(EXERCISE DETAILS): In the entries below, find the line with "Kutu Pizza Tst" and transcribe it and every line after it exactly, through the last line, without pictures.

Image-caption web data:
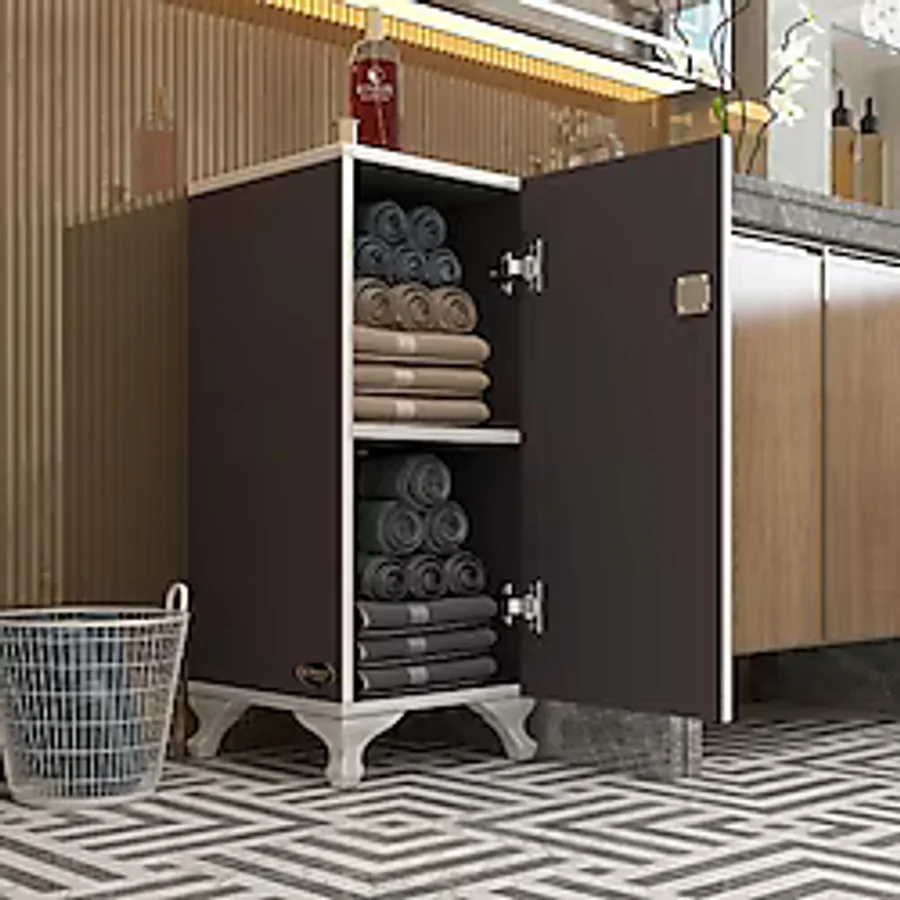 Kenzlife Rana29 Kilitli Çok Amaçlı Dolap 68x29x29 cm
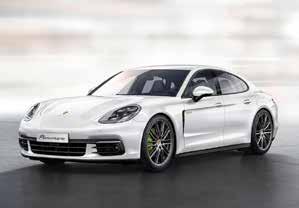 Porsche AG, Panamera (971) S/Turbo S E-Hybrid Sedã a partir de AM 2016 Atenção 48V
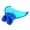 Blue, variant on Body Glove 14499 Mermaid or Merman Aerobic Exercise Swimming Mono Fin, Blue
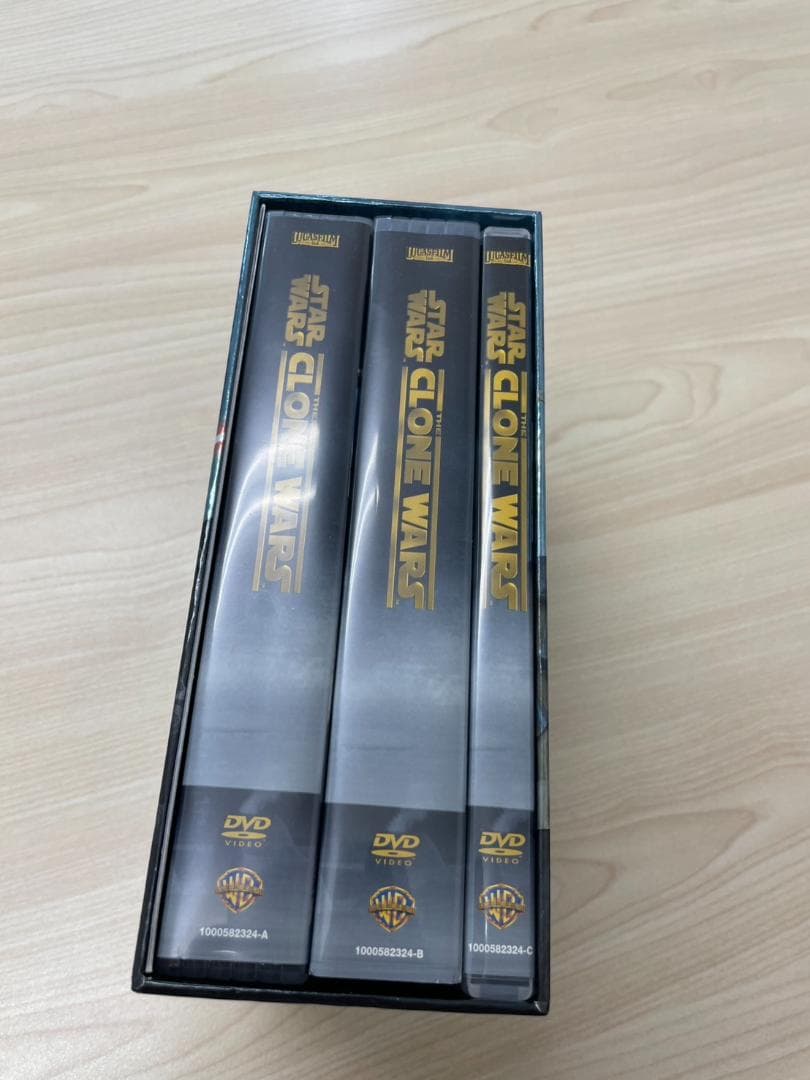 スター・ウォーズ クローン ウォーズ シーズン1-5 コンプリートセット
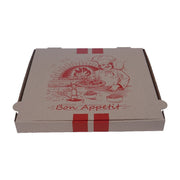 Kutu Pizza Tst Standart 33x33x3,5 Cm 300 ADET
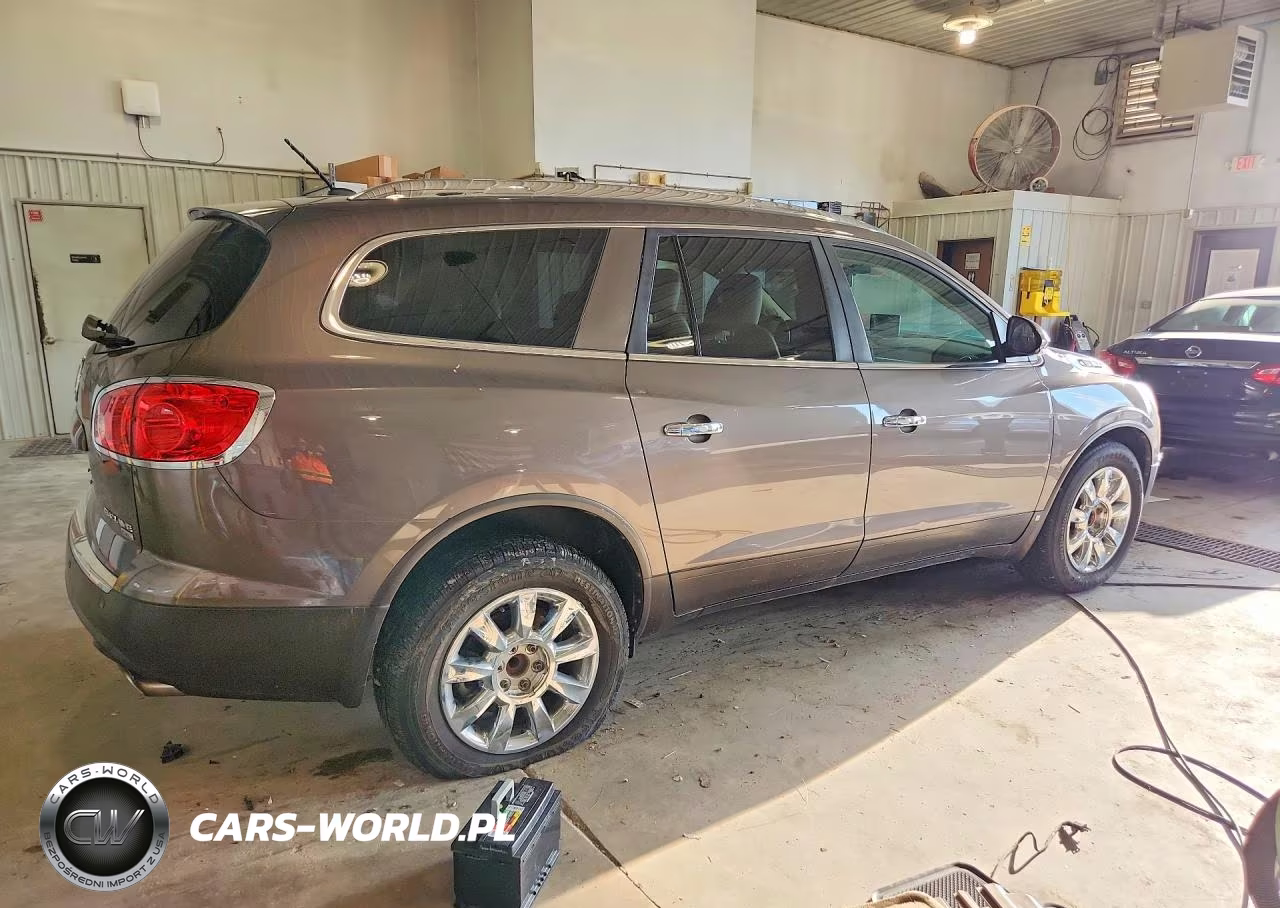 2010 Buick Enclave Cxl VIN:5GALRBEDXAJ210578 - 3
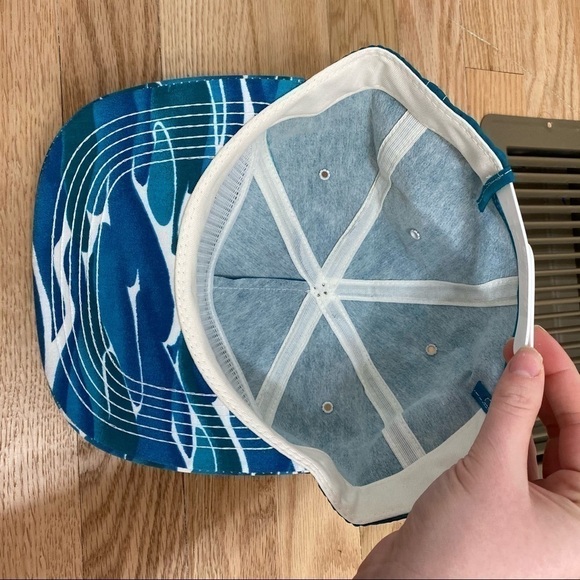 Vintage Stihl Trucker Hat Power Clean Water Print K Products Power Washer Blue - Picture 6 of 8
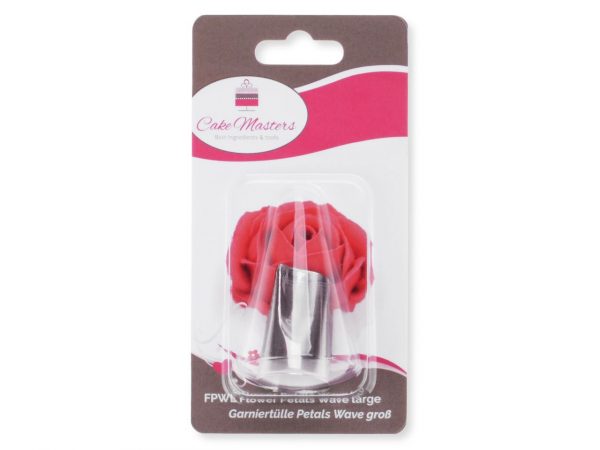 Cake Masters Garniertülle Petals Wave groß – Bild 2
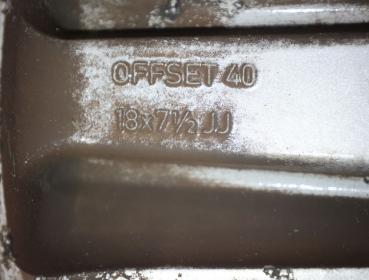 Preview: Felge Alu/Leichtmetall vorn links 40300CB025 Nissan MURANO 1 Z50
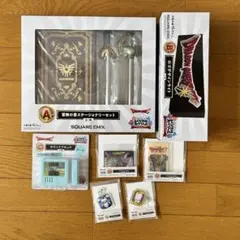 ドラゴンクエスト ふくびき所スペシャル A賞 B賞 C賞D賞 E賞7点セットのサムネイル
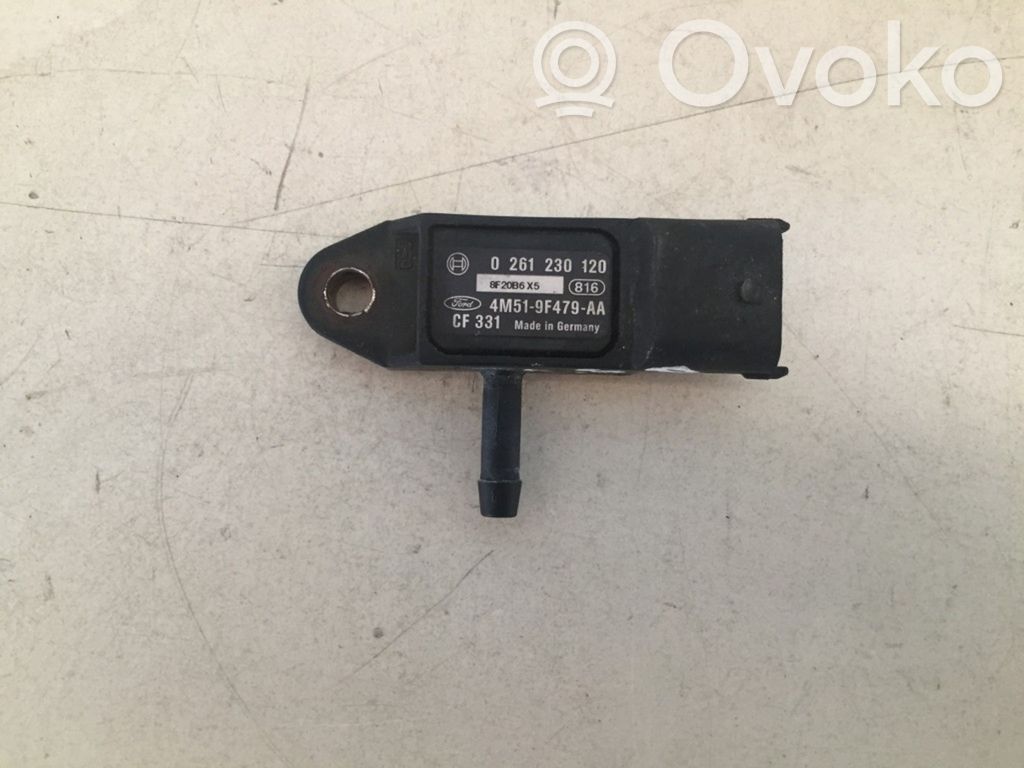 Ford Mondeo MK IV Air pressure sensor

(SOLUTION TO THE PROBLEM):
 Kutu Pizza Tst Standart 33x33x3,5 Cm 300 ADET
 2010 Buick Enclave Cxl VIN:5GALRBEDXAJ210578 - 3
 Vintage Stihl Trucker Hat Power Clean Water Print K Products Power Washer Blue - Picture 6 of 8
 Cake Masters Garniertülle Petals Wave groß – Bild 2
 Preview: Felge Alu/Leichtmetall vorn links 40300CB025 Nissan MURANO 1 Z50
 ドラゴンクエスト ふくびき所スペシャル A賞 B賞 C賞D賞 E賞7点セットのサムネイル
 Ford Mondeo MK IV Air pressure sensor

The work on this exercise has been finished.